Description of the task:
Copy the records below character for character.

Materials provided:

+++

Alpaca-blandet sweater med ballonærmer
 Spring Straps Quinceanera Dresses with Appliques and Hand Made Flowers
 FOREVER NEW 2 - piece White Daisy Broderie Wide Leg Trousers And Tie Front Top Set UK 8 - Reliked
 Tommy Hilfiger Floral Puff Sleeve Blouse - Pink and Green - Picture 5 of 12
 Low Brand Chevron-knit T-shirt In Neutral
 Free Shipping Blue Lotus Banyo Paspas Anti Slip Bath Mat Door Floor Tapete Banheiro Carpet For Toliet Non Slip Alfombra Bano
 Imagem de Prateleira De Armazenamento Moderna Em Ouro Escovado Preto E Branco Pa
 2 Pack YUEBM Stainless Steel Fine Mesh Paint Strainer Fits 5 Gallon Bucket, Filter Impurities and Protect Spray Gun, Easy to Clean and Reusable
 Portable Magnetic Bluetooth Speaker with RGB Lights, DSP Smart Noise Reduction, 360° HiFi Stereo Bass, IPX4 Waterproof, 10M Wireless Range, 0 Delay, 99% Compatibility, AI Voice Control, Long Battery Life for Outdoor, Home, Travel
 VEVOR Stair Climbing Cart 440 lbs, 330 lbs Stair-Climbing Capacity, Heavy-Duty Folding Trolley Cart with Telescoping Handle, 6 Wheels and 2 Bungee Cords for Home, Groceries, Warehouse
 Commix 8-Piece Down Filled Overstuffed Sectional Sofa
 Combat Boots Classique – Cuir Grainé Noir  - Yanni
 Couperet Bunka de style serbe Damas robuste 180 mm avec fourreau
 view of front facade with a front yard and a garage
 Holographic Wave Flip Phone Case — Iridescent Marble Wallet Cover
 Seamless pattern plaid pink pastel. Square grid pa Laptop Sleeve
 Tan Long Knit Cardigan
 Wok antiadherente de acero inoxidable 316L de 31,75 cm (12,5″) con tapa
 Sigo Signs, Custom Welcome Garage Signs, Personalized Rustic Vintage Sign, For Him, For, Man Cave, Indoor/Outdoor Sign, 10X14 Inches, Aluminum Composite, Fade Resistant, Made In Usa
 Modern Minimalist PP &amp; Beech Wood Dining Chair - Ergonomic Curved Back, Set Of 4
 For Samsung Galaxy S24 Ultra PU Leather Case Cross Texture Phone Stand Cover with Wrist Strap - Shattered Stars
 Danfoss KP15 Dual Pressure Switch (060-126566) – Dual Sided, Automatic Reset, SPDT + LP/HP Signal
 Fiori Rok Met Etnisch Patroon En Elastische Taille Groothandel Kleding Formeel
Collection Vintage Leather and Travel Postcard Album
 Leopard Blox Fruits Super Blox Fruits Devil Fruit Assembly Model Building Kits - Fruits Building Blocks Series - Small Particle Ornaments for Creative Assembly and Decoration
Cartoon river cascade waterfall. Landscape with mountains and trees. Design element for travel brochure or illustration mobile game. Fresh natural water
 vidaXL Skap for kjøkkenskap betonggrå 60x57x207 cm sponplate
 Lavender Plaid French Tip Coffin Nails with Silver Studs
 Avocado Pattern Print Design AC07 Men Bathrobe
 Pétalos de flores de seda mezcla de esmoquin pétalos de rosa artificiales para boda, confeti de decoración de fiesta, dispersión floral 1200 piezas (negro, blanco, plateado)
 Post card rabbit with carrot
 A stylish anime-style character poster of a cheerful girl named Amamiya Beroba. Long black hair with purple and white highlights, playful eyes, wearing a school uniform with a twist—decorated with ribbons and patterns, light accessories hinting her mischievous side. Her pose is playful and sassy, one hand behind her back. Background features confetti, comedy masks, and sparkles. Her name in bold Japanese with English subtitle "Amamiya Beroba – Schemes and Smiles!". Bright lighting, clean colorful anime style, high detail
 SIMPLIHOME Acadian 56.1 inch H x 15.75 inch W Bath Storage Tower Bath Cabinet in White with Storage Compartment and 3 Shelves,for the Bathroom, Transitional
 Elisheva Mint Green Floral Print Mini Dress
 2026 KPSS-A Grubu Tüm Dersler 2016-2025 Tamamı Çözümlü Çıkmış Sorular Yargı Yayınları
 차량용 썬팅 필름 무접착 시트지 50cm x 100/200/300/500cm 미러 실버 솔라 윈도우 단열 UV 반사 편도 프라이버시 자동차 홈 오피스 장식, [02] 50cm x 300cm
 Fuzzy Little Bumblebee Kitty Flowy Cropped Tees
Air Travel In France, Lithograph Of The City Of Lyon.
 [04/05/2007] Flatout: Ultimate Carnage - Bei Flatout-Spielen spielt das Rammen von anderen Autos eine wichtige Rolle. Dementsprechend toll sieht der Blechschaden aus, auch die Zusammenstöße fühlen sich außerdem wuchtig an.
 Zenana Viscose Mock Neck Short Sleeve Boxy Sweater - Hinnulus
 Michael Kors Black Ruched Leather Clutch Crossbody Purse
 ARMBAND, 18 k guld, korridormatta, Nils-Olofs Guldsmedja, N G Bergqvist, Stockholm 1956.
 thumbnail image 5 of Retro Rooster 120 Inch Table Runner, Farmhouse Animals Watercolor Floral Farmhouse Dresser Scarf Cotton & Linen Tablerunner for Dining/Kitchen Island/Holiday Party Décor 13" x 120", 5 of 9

+++

Exercise result:
Alpaca-blandet sweater med ballonærmer
 Spring Straps Quinceanera Dresses with Appliques and Hand Made Flowers
 FOREVER NEW 2 - piece White Daisy Broderie Wide Leg Trousers And Tie Front Top Set UK 8 - Reliked
 Tommy Hilfiger Floral Puff Sleeve Blouse - Pink and Green - Picture 5 of 12
 Low Brand Chevron-knit T-shirt In Neutral
 Free Shipping Blue Lotus Banyo Paspas Anti Slip Bath Mat Door Floor Tapete Banheiro Carpet For Toliet Non Slip Alfombra Bano
 Imagem de Prateleira De Armazenamento Moderna Em Ouro Escovado Preto E Branco Pa
 2 Pack YUEBM Stainless Steel Fine Mesh Paint Strainer Fits 5 Gallon Bucket, Filter Impurities and Protect Spray Gun, Easy to Clean and Reusable
 Portable Magnetic Bluetooth Speaker with RGB Lights, DSP Smart Noise Reduction, 360° HiFi Stereo Bass, IPX4 Waterproof, 10M Wireless Range, 0 Delay, 99% Compatibility, AI Voice Control, Long Battery Life for Outdoor, Home, Travel
 VEVOR Stair Climbing Cart 440 lbs, 330 lbs Stair-Climbing Capacity, Heavy-Duty Folding Trolley Cart with Telescoping Handle, 6 Wheels and 2 Bungee Cords for Home, Groceries, Warehouse
 Commix 8-Piece Down Filled Overstuffed Sectional Sofa
 Combat Boots Classique – Cuir Grainé Noir  - Yanni
 Couperet Bunka de style serbe Damas robuste 180 mm avec fourreau
 view of front facade with a front yard and a garage
 Holographic Wave Flip Phone Case — Iridescent Marble Wallet Cover
 Seamless pattern plaid pink pastel. Square grid pa Laptop Sleeve
 Tan Long Knit Cardigan
 Wok antiadherente de acero inoxidable 316L de 31,75 cm (12,5″) con tapa
 Sigo Signs, Custom Welcome Garage Signs, Personalized Rustic Vintage Sign, For Him, For, Man Cave, Indoor/Outdoor Sign, 10X14 Inches, Aluminum Composite, Fade Resistant, Made In Usa
 Modern Minimalist PP &amp; Beech Wood Dining Chair - Ergonomic Curved Back, Set Of 4
 For Samsung Galaxy S24 Ultra PU Leather Case Cross Texture Phone Stand Cover with Wrist Strap - Shattered Stars
 Danfoss KP15 Dual Pressure Switch (060-126566) – Dual Sided, Automatic Reset, SPDT + LP/HP Signal
 Fiori Rok Met Etnisch Patroon En Elastische Taille Groothandel Kleding Formeel
Collection Vintage Leather and Travel Postcard Album
 Leopard Blox Fruits Super Blox Fruits Devil Fruit Assembly Model Building Kits - Fruits Building Blocks Series - Small Particle Ornaments for Creative Assembly and Decoration
Cartoon river cascade waterfall. Landscape with mountains and trees. Design element for travel brochure or illustration mobile game. Fresh natural water
 vidaXL Skap for kjøkkenskap betonggrå 60x57x207 cm sponplate
 Lavender Plaid French Tip Coffin Nails with Silver Studs
 Avocado Pattern Print Design AC07 Men Bathrobe
 Pétalos de flores de seda mezcla de esmoquin pétalos de rosa artificiales para boda, confeti de decoración de fiesta, dispersión floral 1200 piezas (negro, blanco, plateado)
 Post card rabbit with carrot
 A stylish anime-style character poster of a cheerful girl named Amamiya Beroba. Long black hair with purple and white highlights, playful eyes, wearing a school uniform with a twist—decorated with ribbons and patterns, light accessories hinting her mischievous side. Her pose is playful and sassy, one hand behind her back. Background features confetti, comedy masks, and sparkles. Her name in bold Japanese with English subtitle "Amamiya Beroba – Schemes and Smiles!". Bright lighting, clean colorful anime style, high detail
 SIMPLIHOME Acadian 56.1 inch H x 15.75 inch W Bath Storage Tower Bath Cabinet in White with Storage Compartment and 3 Shelves,for the Bathroom, Transitional
 Elisheva Mint Green Floral Print Mini Dress
 2026 KPSS-A Grubu Tüm Dersler 2016-2025 Tamamı Çözümlü Çıkmış Sorular Yargı Yayınları
 차량용 썬팅 필름 무접착 시트지 50cm x 100/200/300/500cm 미러 실버 솔라 윈도우 단열 UV 반사 편도 프라이버시 자동차 홈 오피스 장식, [02] 50cm x 300cm
 Fuzzy Little Bumblebee Kitty Flowy Cropped Tees
Air Travel In France, Lithograph Of The City Of Lyon.
 [04/05/2007] Flatout: Ultimate Carnage - Bei Flatout-Spielen spielt das Rammen von anderen Autos eine wichtige Rolle. Dementsprechend toll sieht der Blechschaden aus, auch die Zusammenstöße fühlen sich außerdem wuchtig an.
 Zenana Viscose Mock Neck Short Sleeve Boxy Sweater - Hinnulus
 Michael Kors Black Ruched Leather Clutch Crossbody Purse
 ARMBAND, 18 k guld, korridormatta, Nils-Olofs Guldsmedja, N G Bergqvist, Stockholm 1956.
 thumbnail image 5 of Retro Rooster 120 Inch Table Runner, Farmhouse Animals Watercolor Floral Farmhouse Dresser Scarf Cotton & Linen Tablerunner for Dining/Kitchen Island/Holiday Party Décor 13" x 120", 5 of 9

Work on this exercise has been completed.